Extracted data entries
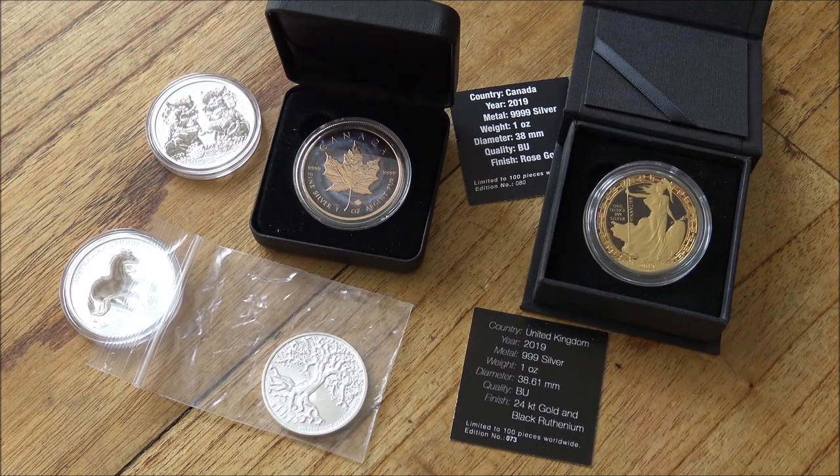Hello everybody, Backyard Bullion here and a very warm welcome to you all joining us for episode 202 of In Focus Friday, the show where we take a good close look at cool things made of silver or gold. This week it's a rapid fire edition of In Focus Friday as we are in the midst of processing that rather large group order that we unboxed last week.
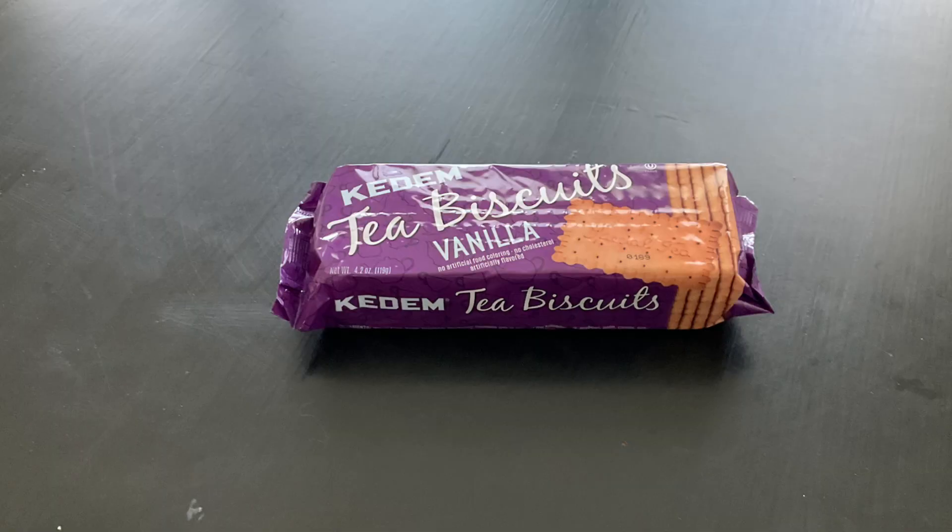Next is the vanilla. The vanilla's pretty good. It tastes actually like vanilla, unlike most of these things. I think it has a little bit more fluff to it, and it very much tastes like vanilla. It has a different taste than the original, at least.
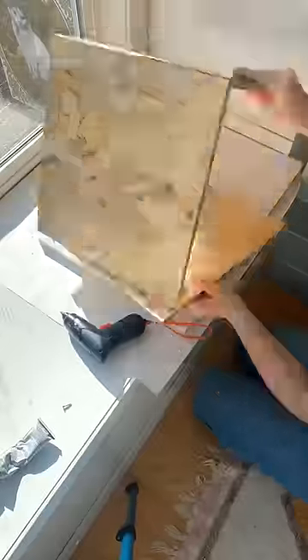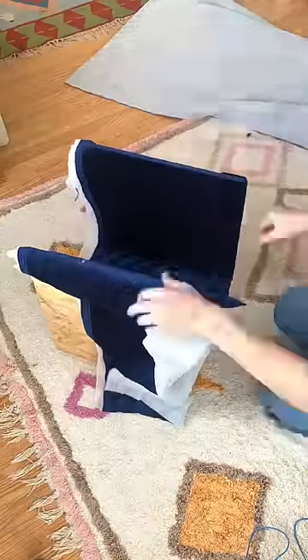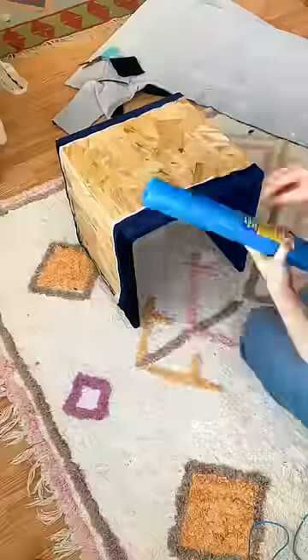I put the side pieces together, but before putting the cross beam in, I wrapped the underneath in fabric. This was to avoid any unnecessary fabric scrunching around the corners. Then I wrapped the cross beam and screwed it in underneath.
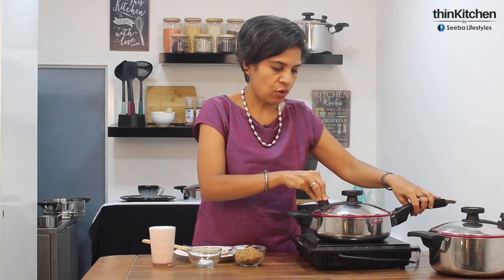The cookware's valve is, as you can hear, whistling, which means there's enough moisture inside for the cooking to begin at a good temperature. So I'm just going to switch it off and close the valve now so the rice can continue to cook.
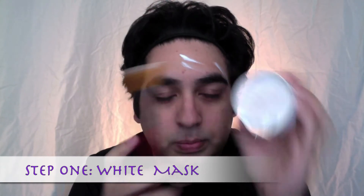The first step is putting on a white mask foundation. I'm using a clown white grease paint and a foundation brush and I'm going to pat it on to my skin directly. I want the mask to have a fading effect so I'm blending it into my skin.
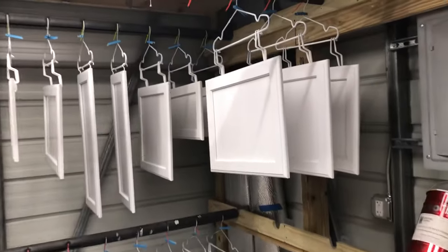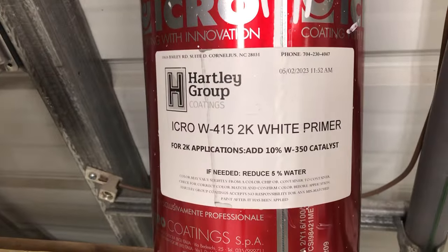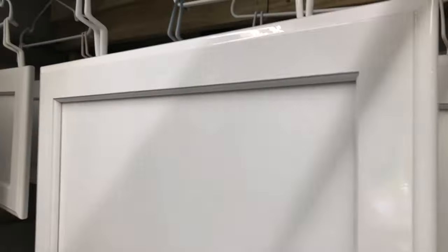Just wanted a real quick video showing this primer that we're using. What a primer. We actually hanged the spray and you can see how heavy that coating is on that.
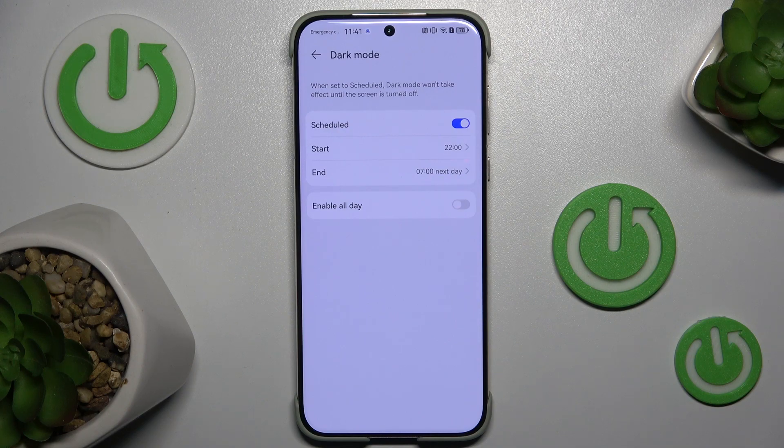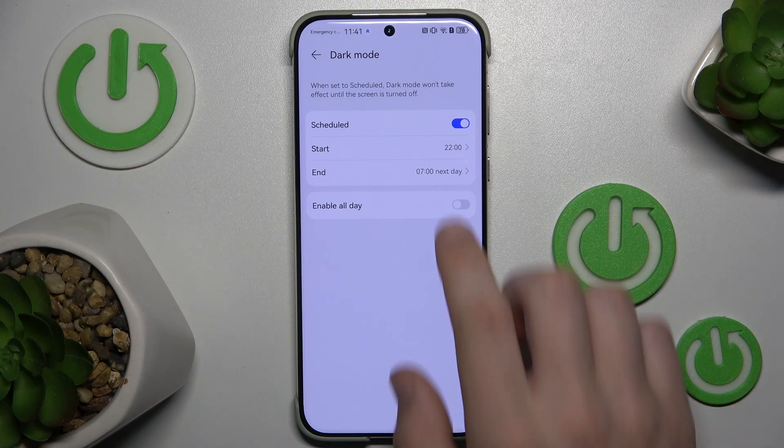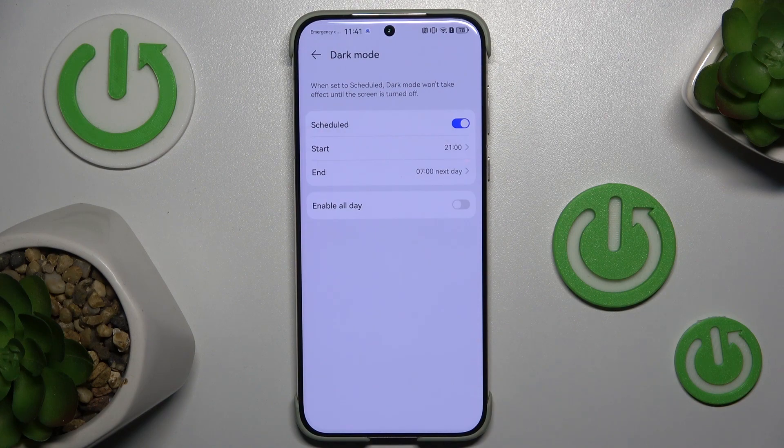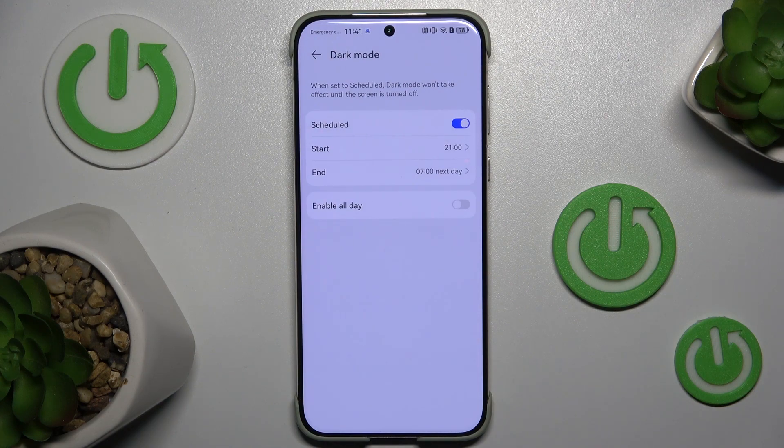Now you can choose the time at which dark mode will be enabled, and choose the time at which dark mode will be disabled.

TASK PROMPT:
Begin at the line with "The cookware's valve" and end at the last line of the data above. Reproduce those lines exactly, but not the pictures.

TASK RESPONSE:
The cookware's valve is, as you can hear, whistling, which means there's enough moisture inside for the cooking to begin at a good temperature. So I'm just going to switch it off and close the valve now so the rice can continue to cook.
The first step is putting on a white mask foundation. I'm using a clown white grease paint and a foundation brush and I'm going to pat it on to my skin directly. I want the mask to have a fading effect so I'm blending it into my skin.
Just wanted a real quick video showing this primer that we're using. What a primer. We actually hanged the spray and you can see how heavy that coating is on that.
Now you can choose the time at which dark mode will be enabled, and choose the time at which dark mode will be disabled.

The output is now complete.